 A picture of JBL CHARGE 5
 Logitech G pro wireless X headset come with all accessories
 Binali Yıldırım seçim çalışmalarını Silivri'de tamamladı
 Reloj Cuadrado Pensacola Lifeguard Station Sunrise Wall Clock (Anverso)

########

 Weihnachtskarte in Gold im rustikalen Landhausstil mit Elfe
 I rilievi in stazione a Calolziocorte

########

- _What the task requires_
Both the line containing "A picture of JBL CHARGE 5" and the line containing "Reloj Cuadrado Pensacola" belong in the answer. Print them and every line above that falls between them exactly, and no others.

- _Answer area_
 A picture of JBL CHARGE 5
 Logitech G pro wireless X headset come with all accessories
 Binali Yıldırım seçim çalışmalarını Silivri'de tamamladı
 Reloj Cuadrado Pensacola Lifeguard Station Sunrise Wall Clock (Anverso)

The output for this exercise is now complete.